Brokers Randy Modell, Steven Hornstock and Gregg Schenker were canvassing the Upper East Side for business when they noticed a building on Third Avenue looking out of place among the neighborhood’s tall towers.
They approached the owner of the seven-story multifamily property, a European family that had been looking to sell it as a rental. The brokers had a different idea.
They convinced the owner to divide the building into two pieces by rerouting pipes and electrical wiring. Then, over a seven-year period, they relocated 17 rent-stabilized tenants to the renovated half of the building so they could market the other half as a development site.

“We realized if you could obtain possession of five or six different lines of units that half the building could literally be demolished while the other half stands,” Modell said. “And the part that’s demolished, you could then rebuild as a luxury building.”
The result — the $124.5 million sale of 1450 Third Avenue and 140,000-square-feet of air rights to Jeffrey Levine’s Douglaston Development — earned the brokers commercial real estate’s top prize for deal-making Wednesday night. The multifamily building was New York’s first to be split and partially demolished.
“We told the client exactly what we would do for ourselves if we owned the building,” Modell said.

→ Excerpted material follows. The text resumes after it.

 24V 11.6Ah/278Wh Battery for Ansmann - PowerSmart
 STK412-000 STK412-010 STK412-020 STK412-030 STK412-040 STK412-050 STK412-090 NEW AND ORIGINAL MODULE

Hundreds of the industry’s biggest dealmakers gathered at Lever House in Midtown for their version of the Oscars, the Real Estate Board of New York’s 81st annual Most Ingenious Deal of the Year Awards. Power brokers Mary Ann Tighe, Bruce Mosler and Barry Gosin mingled as waiters weaved through the crowd with platters of tuna tartare.
The second-place award went to CBRE’s Tighe and Lauren Crowley Corrinet for three deals to relocate Sotheby’s auction house. Savills’ Geoffrey Newman received third place for the sale of a former Murray Hill church site at 40 East 35th Street to Ian Bruce Eichner’s Continuum Company.